Samsung began R&D on photovoltaics back in 1987 and a full scale R&D line up was established in September 2009. Certifications were obtained in 2010 including UL, CEC and IEC and in April last year the company supplied its first power plant in Korea. In May 2010 the company announced $5.5 billion worth of planned investment in solar PV by 2020. Much of its solar PV business is concentrated on crystalline panels although there is the potential for the company to go into thin-film production as well. Recently the company announced that it is to set up a 10,000 ton plant to produce polysilicon in a joint venture with US company MEMC. This will be onstream by 2013. The company aims to capture 8% of the market by 2015. This should be interesting given that at present its distribution channels are not that impressive, although its products are available in the UK and Australia.

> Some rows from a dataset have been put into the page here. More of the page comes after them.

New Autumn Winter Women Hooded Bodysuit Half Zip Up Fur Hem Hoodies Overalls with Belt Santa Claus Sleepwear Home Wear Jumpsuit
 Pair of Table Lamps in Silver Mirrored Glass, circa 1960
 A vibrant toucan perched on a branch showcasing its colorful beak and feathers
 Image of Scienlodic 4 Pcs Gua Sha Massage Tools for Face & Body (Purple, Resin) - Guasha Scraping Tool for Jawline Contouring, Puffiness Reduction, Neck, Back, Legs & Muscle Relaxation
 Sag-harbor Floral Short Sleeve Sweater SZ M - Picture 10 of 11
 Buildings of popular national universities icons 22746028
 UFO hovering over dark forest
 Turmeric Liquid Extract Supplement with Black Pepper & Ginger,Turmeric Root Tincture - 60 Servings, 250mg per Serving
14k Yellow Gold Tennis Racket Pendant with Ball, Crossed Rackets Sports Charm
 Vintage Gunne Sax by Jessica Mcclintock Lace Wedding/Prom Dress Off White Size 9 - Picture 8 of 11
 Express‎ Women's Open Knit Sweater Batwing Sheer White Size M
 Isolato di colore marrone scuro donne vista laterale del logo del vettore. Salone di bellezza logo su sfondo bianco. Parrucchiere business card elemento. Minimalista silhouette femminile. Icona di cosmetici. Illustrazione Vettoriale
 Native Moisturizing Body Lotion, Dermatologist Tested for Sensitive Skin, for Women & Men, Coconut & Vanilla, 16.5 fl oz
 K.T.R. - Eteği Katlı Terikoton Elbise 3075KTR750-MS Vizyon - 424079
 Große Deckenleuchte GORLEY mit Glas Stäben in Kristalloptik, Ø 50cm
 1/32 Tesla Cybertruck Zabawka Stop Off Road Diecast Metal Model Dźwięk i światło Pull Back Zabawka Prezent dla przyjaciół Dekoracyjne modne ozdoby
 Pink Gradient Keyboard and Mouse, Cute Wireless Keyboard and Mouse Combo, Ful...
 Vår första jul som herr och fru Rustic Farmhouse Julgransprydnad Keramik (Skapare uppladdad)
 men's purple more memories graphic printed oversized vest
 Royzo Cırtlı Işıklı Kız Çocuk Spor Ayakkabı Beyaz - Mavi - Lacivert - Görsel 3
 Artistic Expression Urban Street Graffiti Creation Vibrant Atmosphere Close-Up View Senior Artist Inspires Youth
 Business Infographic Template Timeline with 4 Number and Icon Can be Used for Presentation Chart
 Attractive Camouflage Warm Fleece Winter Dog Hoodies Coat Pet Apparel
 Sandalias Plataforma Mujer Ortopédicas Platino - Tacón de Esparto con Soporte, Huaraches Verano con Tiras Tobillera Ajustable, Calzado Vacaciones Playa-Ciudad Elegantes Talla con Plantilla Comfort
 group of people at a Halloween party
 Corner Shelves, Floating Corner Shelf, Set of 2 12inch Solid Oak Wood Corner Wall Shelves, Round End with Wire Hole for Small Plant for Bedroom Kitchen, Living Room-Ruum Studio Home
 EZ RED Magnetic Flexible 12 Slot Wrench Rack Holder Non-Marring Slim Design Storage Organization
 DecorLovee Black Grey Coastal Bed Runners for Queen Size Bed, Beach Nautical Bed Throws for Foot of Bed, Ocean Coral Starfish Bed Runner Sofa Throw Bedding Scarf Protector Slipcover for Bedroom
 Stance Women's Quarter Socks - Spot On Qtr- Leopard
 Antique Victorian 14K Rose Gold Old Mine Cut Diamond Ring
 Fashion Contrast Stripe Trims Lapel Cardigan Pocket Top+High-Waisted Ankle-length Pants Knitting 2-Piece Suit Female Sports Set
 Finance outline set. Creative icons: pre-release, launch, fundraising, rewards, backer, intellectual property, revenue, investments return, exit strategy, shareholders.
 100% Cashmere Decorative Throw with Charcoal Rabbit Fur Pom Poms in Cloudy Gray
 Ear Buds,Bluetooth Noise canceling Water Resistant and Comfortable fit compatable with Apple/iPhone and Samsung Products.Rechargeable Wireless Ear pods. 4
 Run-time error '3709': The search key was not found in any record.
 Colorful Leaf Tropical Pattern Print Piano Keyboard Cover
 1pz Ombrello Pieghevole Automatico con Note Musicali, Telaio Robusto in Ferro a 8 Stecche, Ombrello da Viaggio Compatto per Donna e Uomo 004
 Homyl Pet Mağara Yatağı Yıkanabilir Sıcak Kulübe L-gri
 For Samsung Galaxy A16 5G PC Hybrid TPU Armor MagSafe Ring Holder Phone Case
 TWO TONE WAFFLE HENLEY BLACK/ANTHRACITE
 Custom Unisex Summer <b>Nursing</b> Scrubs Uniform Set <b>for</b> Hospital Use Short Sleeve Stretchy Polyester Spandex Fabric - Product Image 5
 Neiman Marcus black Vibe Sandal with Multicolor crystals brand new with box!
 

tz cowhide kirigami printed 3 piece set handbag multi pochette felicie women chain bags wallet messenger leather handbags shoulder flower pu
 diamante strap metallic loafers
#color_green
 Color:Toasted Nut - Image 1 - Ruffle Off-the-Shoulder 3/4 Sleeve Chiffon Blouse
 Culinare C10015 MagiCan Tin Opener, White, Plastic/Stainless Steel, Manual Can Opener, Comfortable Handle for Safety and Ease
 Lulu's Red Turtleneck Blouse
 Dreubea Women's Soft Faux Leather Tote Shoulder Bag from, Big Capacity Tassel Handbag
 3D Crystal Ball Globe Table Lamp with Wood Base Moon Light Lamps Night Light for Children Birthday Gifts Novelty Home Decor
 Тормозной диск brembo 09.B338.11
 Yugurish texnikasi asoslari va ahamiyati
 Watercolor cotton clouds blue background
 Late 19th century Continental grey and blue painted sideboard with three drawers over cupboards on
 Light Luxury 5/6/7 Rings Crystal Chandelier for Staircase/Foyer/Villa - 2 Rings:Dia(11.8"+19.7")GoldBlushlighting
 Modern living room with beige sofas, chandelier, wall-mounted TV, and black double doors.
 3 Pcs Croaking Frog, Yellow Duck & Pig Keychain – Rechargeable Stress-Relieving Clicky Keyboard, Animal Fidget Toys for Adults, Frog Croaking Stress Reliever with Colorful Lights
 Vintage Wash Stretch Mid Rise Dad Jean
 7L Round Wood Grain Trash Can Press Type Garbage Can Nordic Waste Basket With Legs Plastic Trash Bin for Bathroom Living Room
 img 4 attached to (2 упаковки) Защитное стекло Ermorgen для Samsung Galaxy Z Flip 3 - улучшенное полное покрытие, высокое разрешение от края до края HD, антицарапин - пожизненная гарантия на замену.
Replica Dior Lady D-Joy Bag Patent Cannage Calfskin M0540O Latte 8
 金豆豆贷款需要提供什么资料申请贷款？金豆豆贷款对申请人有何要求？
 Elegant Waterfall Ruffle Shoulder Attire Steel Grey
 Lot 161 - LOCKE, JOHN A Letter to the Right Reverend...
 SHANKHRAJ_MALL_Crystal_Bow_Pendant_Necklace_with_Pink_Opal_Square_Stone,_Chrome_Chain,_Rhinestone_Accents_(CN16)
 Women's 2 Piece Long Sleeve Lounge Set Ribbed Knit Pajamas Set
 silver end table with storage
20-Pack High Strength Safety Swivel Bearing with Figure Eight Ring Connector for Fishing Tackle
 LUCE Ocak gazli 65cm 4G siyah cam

In terms of price a 4kW LPC247 system will cost you around £12,000 for 16 panels and a 6.9 kW around £16,000. These systems are 15.24% efficient which is about average. At least one website I looked at does not consider Samsung to be offering anything different than many other PV companies although if the company is serious in its business aims it should start to improve its performance in the years ahead. The company has got itself a reputation for producing all sorts of solar powered gadgets particularly laptops and solar phones.
The company’s website claims strict quality control, world-class manufacturing, prompt delivery and top reliability. It supplies both white and black modules and its range of 241 watt panels includes 60 models operating at 15.6% efficiency. All panels have a high power output and low degradation rate which may be down to the company’s proprietary cell technology. The company offer a 25 year performance warranty at 80% efficiency.
All in all, I would say Samsung is about average with regards to solar PV.